Instructions for the task — What is needed is an exact transcription of every entry below, with the pictures left out.

======== Given records

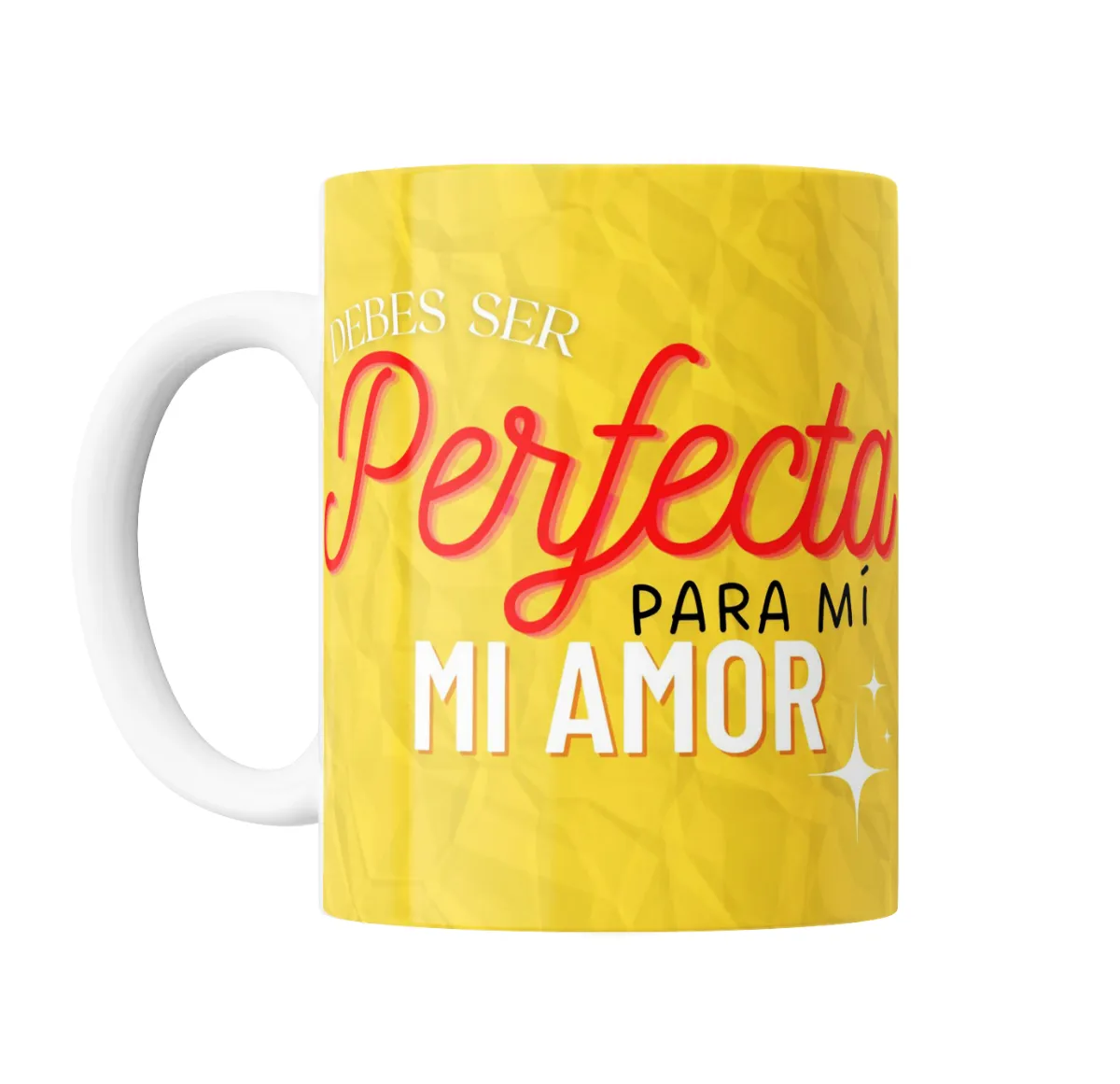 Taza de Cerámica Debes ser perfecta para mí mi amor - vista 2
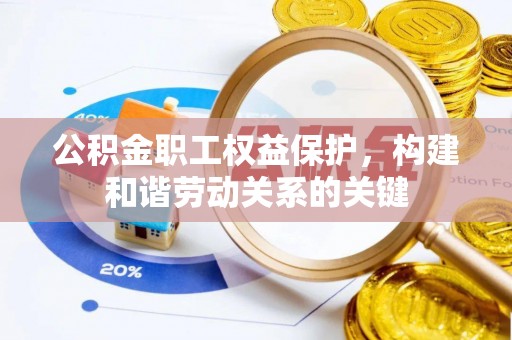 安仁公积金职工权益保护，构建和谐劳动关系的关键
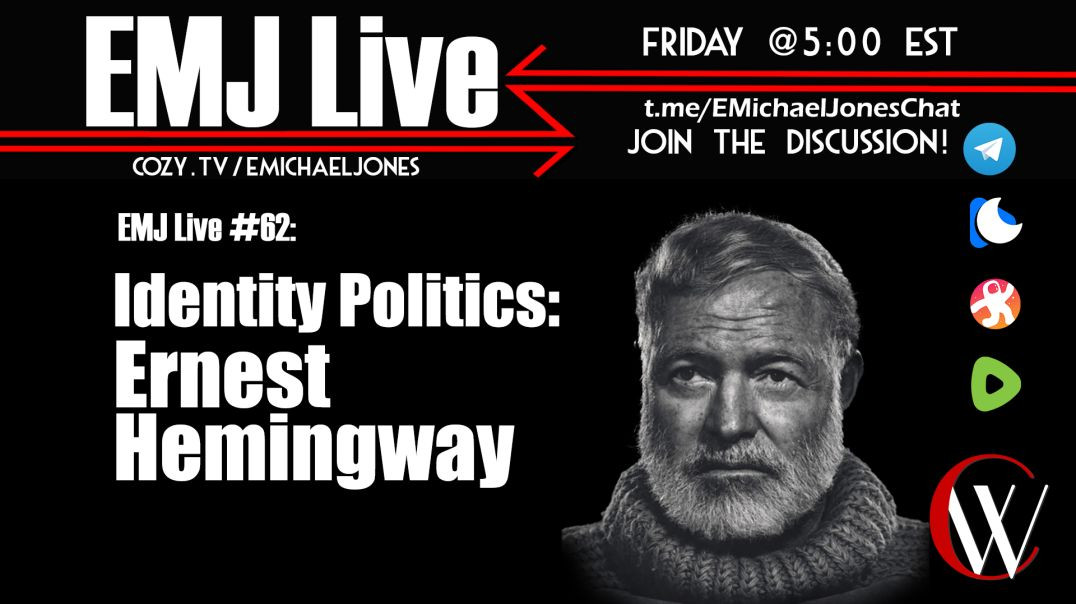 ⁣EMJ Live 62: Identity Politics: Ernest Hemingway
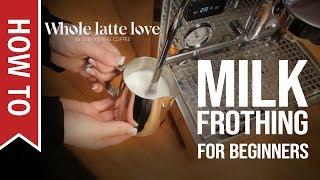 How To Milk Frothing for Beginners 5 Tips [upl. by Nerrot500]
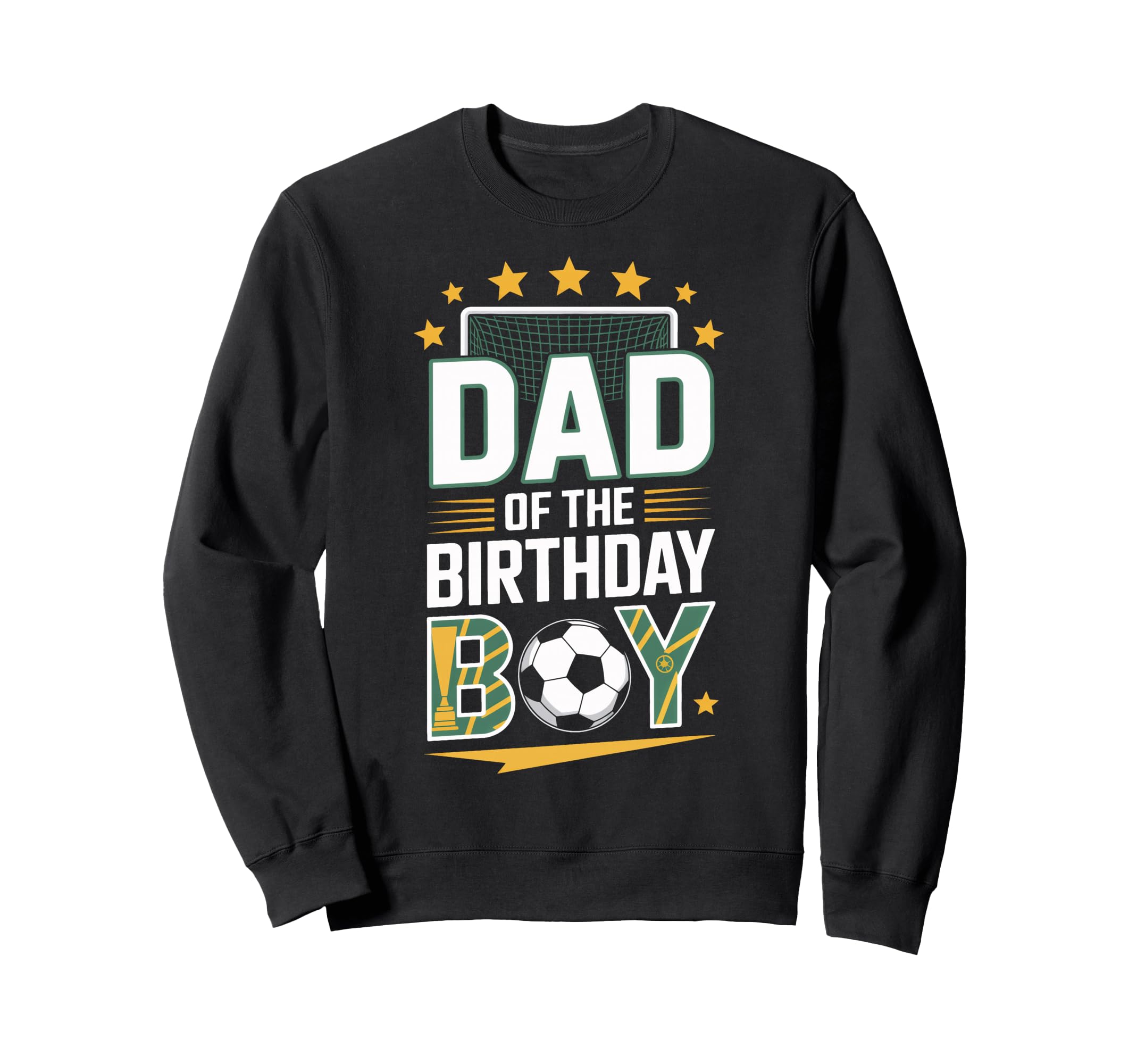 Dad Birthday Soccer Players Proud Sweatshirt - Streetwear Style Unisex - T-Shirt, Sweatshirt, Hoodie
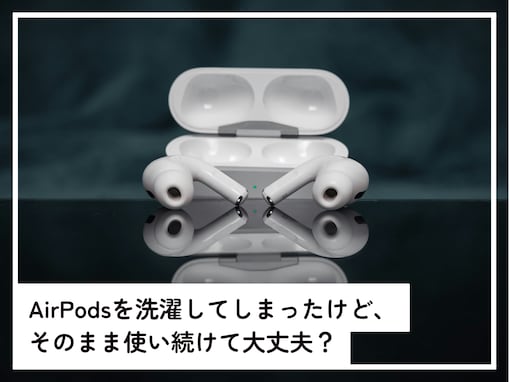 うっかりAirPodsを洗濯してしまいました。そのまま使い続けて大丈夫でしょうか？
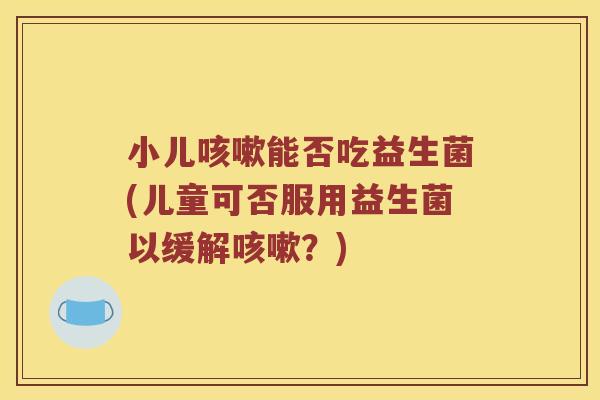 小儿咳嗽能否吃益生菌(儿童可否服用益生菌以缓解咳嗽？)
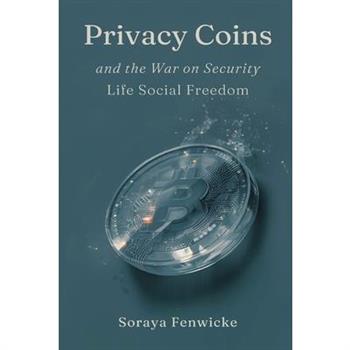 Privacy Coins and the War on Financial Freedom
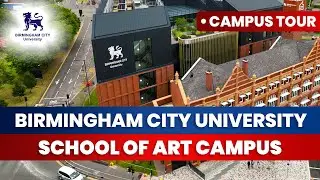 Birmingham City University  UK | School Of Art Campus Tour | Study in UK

================

Solution below —
 Taza de Cerámica Debes ser perfecta para mí mi amor - vista 2
 安仁公积金职工权益保护，构建和谐劳动关系的关键
 ⁣EMJ Live 62: Identity Politics: Ernest Hemingway
 How To Milk Frothing for Beginners 5 Tips [upl. by Nerrot500]
 Dad Birthday Soccer Players Proud Sweatshirt - Streetwear Style Unisex - T-Shirt, Sweatshirt, Hoodie
 うっかりAirPodsを洗濯してしまいました。そのまま使い続けて大丈夫でしょうか？
 小儿咳嗽能否吃益生菌(儿童可否服用益生菌以缓解咳嗽？)
 Privacy Coins and the War on Financial Freedom
 Birmingham City University  UK | School Of Art Campus Tour | Study in UK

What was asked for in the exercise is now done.